Yes, and Yes. I have heard of two towns where the city will inspect when a house is sold. We get those calls too.


----------



## neolitic (Apr 20, 2006)

So when you cross a 1st floor ceiling/2nd floor joist,
you're using lots of 14½" conduit and emt connectors?
No greenfield?


----------



## fridaymean (Feb 17, 2006)

the catfish said:


> That's quick considering the techniques involved. I guess it's like anything else, you get used to it, but the cost involved must be substantially more. How many guys are you talkin?


2-5 guys depending on the day, schedule, etc. Mostly two.
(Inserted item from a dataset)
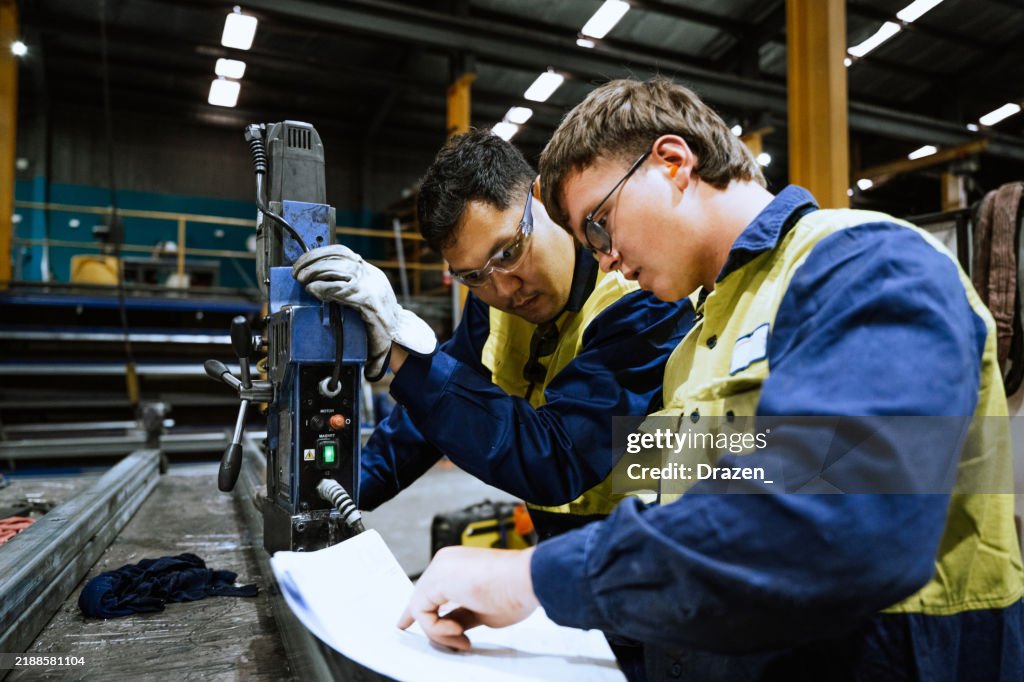 Two workers in safety glasses and vests operate machinery in a factory, focusing on a blueprint as they collaborate on a project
I remember specificaly one job 5+ years ago, there was that debate whether to use romex or emt (in Batavia, Tony) with the GC. The owner wanted to cut cost. The savings was between $500-1K. Not much. Granted, that was before huge increases in commodities valuations. We prefer pipe anyway. Romex isn't a huge time saver because we don't use it enough.


----------



## fridaymean (Feb 17, 2006)

neolitic said:


> So when you cross a 1st floor ceiling/2nd floor joist,
> you're using lots of 14½" conduit and emt connectors?
> No greenfield?


Yes, lots of scraps and couplings.


----------



## neolitic (Apr 20, 2006)

fridaymean said:


> Yes, lots of scraps and couplings.


Brrrrrrrrr!

Thank you,:notworthy
you may stand down now. :laughing::clap:


----------



## JBrzoz00 (Jan 11, 2011)

So you still have to run emt perpendicular through wood framing? Can't use MC? I'd like to see more pics if you have them.


----------



## rselectric1 (Sep 20, 2009)

JBrzoz00 said:


> So you still have to run emt perpendicular through wood framing? Can't use MC? I'd like to see more pics if you have them.


New construction in almost all Chicagoland is EMT ONLY. (The only exceptions are usually concealed spaces in remodeling only) No NM is allowed at all.


----------



## Tiger (Nov 21, 2007)

neolitic said:


> So when you cross a 1st floor ceiling/2nd floor joist,
> you're using lots of 14½" conduit and emt connectors?
> No greenfield?


I don't do new construction, but when I add 4 ceiling fans to a house it's in emt in most towns. 

Actually there is very little crossing of joists. The main level outlets are run through the basement (below the joists) and the second floor outlets are run through the attic (above the joists). It uses more conduit and less labor. Conduit is cheap compared to labor.

I have a neighbor/carpenter who built new homes for most of his career. He told me once the EC crew had 3 days to rough-in emt. My guess is if they can do rough in 3 days, they can do final in one.


----------



## thom (Nov 3, 2006)

I grew up and learned the trades in Chicago. I'd never seen romex until I moved shop to Albuquerque. I was amazed that guys would run "extension cords" in the walls. When I constructed my own house here in Albuq back in 1982 I did it all in emt. At the time I thought emt was better. Today I would argue that functionally they are equal and romex is faster/cheaper making romex a better product for wiring houses.


----------